In that and the fact that the majority of sexual assaults occur within the family. This is also recognized by the Ombudsman's survey, which also admits that sexual scandals also affect other religious denominations. Their report explains that “in the case of Protestantism the lack of a centralized structure comparable to that of the Roman Catholic Church reduces cases to local stories.”

And this reduction prevents the scandals from “reaching a national or international dimension comparable to those that have affected Catholicism.” The document lists cases of “Hindu gurus, Jewish rabbis from Great Britain and the United States, and Buddhist monks in Sri Lanka, Thailand or North America,” as well as “Muslim imams or spiritual guides of Jehovah's Witnesses.”
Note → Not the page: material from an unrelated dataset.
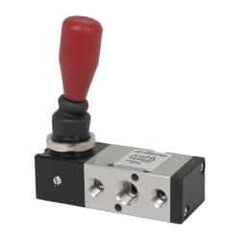 ARO/Ingersoll-Rand - 1/4" NPT Manual Mechanical Valve - 4-Way, 2 Position, Lever/Spring & 0.7 CV Rate - Industrial Tool & Supply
Many of those involved had characteristics in common with the “cover-up” that some sexual predators in Spain have benefited from, “such as the preponderance of male victims or the practice of changing the destination of the perpetrators.” Sexual abuse would not be “a risk factor exclusive to Catholicism,” but neither would the tendency to throw balls out.

Other confessions also address the response “from the perspective of forgiveness and repentance rather than recognition of the crime and reparation for the victim.” But all aggressors follow the same dynamic: abuse based “on emotional manipulation, spiritual dependence and exploitation of the victim's feeling of guilt.” One of those who has gone to the Ombudsman says: “I felt dirty.”

“The dimension of the abuses has been unknown until now,” states the report of this institution, which recalls that the Ombudsman already addressed the same issue in Catalonia in 2019 and came to the conclusion that “the cases examined are a small part of reality” and “the final figure is much higher than what has been determined.”